AnomalyDetectionTs drops timezone from POSIXct objects and converts POSIXlt to POSIXct #2

Open
zachmayer opened this issue Jan 6, 2015 · 29 comments

Comments

@zachmayer
Copy link

AnomalyDetectionTs should keep the timestamp column of the output dataset as-is, rather than converting to POSIXct and dropping the timezone attribute:

library(AnomalyDetection)
data(data_raw)
data <- raw_data
data$timestamp <- as.POSIXct(data$timestamp)
attr(data$timestamp, "tzone") 
attr(data$timestamp, "tzone") <- "America/New_York"

res = AnomalyDetectionTs(data, max_anoms=0.002, direction='both', plot=FALSE)
attr(res$anoms, 'tzone')

Dropping the timezone is problematic if you wish to merge the anomalies back to the main dataset:

> merge(data, res$anoms, by='timestamp')
             timestamp   count    anoms
1  1980-09-28 22:40:00 114.308 193.1036
2  1980-09-30 12:26:00 130.222 180.8990
3  1980-09-30 12:30:00 126.721 178.8220
4  1980-09-30 12:31:00 152.956 198.3260
5  1980-09-30 12:32:00 136.004 203.9010
6  1980-09-30 12:33:00 134.589 200.3090
7  1980-09-30 12:34:00 122.490 178.4910
8  1980-09-30 12:36:00 126.806 183.0180
9  1980-09-30 12:38:00 117.334 186.8230
10 1980-09-30 12:39:00 121.061 183.6600
11 1980-09-30 12:40:00 116.924 179.2760
12 1980-09-30 12:41:00 129.097 197.2830
13 1980-09-30 12:42:00 119.566 191.0970
14 1980-09-30 12:43:00 137.694 194.6700
15 1980-09-30 12:46:00 136.876 200.8160
16 1980-09-30 12:47:00 125.126 186.2350
17 1980-09-30 12:48:00 122.008 185.4210
18 1980-09-30 12:49:00 127.935 178.9580
19 1980-09-30 12:51:00 138.159 203.2310
20 1980-09-30 12:52:00 130.939 181.3540
21 1980-09-30 12:53:00 122.351 186.7780
22 1980-09-30 12:55:00 121.120 176.1250
23 1980-09-30 12:56:00 122.707 181.5140
24 1980-09-30 12:57:00 118.378 175.2610
25 1980-10-05 05:18:00 101.332  40.0000
26 1980-10-05 05:28:00 103.798 250.0000
27 1980-10-05 05:38:00 100.839  40.0000
@zachmayer zachmayer changed the title AnomalyDetectionTs drops timezone from POSIXct objects AnomalyDetectionTs drops timezone from POSIXct objects and converts POSIXlt to POSIXct Jan 6, 2015
@jhochenbaum
Copy link

Thanks, Owen and I will look into it Zach!

@zachmayer
Copy link
Author

Thanks!

@erikriverson
Copy link

This looks like a useful package, thanks!

Perhaps the 'timestamp' column should be required to be of class POSIXct?
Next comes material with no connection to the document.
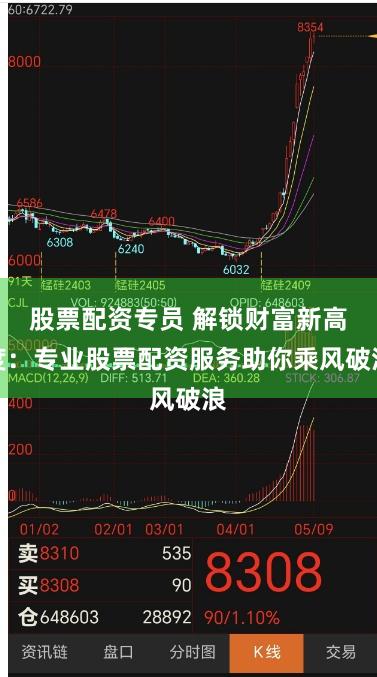 股票配资专员 解锁财富新高度:专业股票配资服务助你乘风破浪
I don't believe base::merge works when the 'by' column is of class POSIXlt. For example:

x <- Sys.time()
test1 <- data.frame(timestamp = as.POSIXct(x:(x + 9), origin = "1970-01-01"),
                    y = rnorm(1:10))
test2 <- data.frame(timestamp = test1$timestamp, z = rnorm(1:10))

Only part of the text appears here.